─── Data for the task ───
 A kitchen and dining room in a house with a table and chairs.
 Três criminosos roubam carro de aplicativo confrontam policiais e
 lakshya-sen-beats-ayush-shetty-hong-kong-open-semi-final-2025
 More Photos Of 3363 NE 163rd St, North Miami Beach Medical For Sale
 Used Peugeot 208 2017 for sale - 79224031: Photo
───
─── Data for the task ───
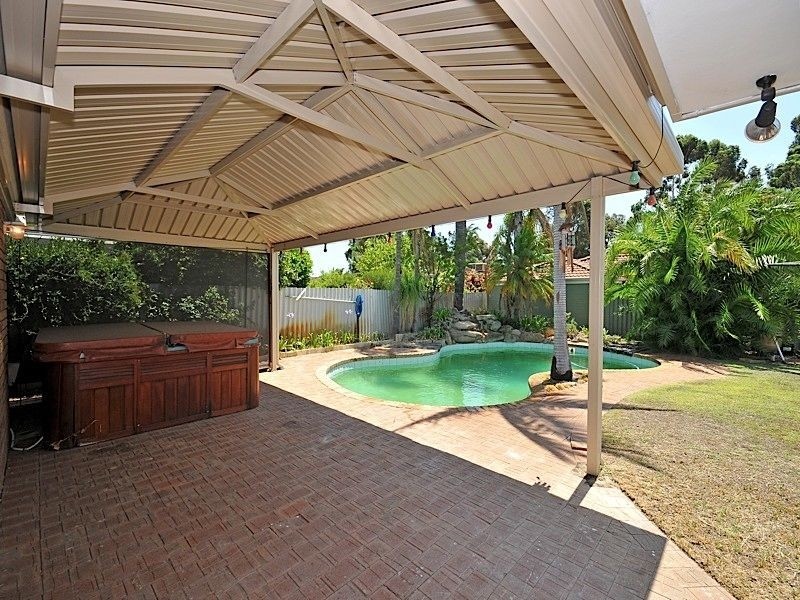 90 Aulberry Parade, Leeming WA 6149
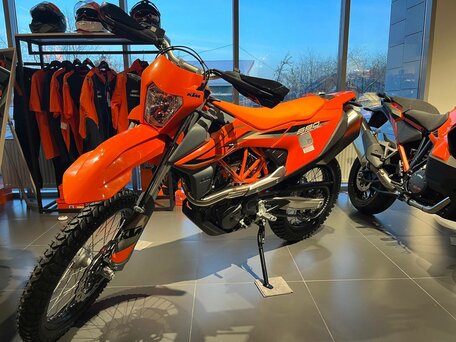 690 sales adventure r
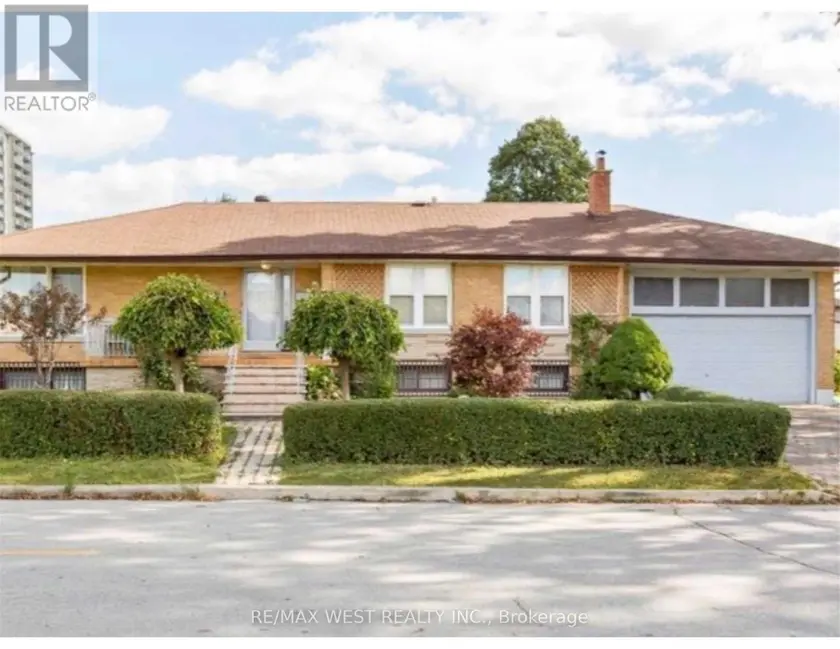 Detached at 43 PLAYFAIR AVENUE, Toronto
───
## [Required action]
Please output the lines above beginning at the line with "90 Aulberry Parade, Leeming WA 6149" and ending after the line with "Detached at 43 PLAYFAIR AVENUE, Toronto", precisely as written and with no pictures.

## [Exercise answer]
 90 Aulberry Parade, Leeming WA 6149
 690 sales adventure r
 Detached at 43 PLAYFAIR AVENUE, Toronto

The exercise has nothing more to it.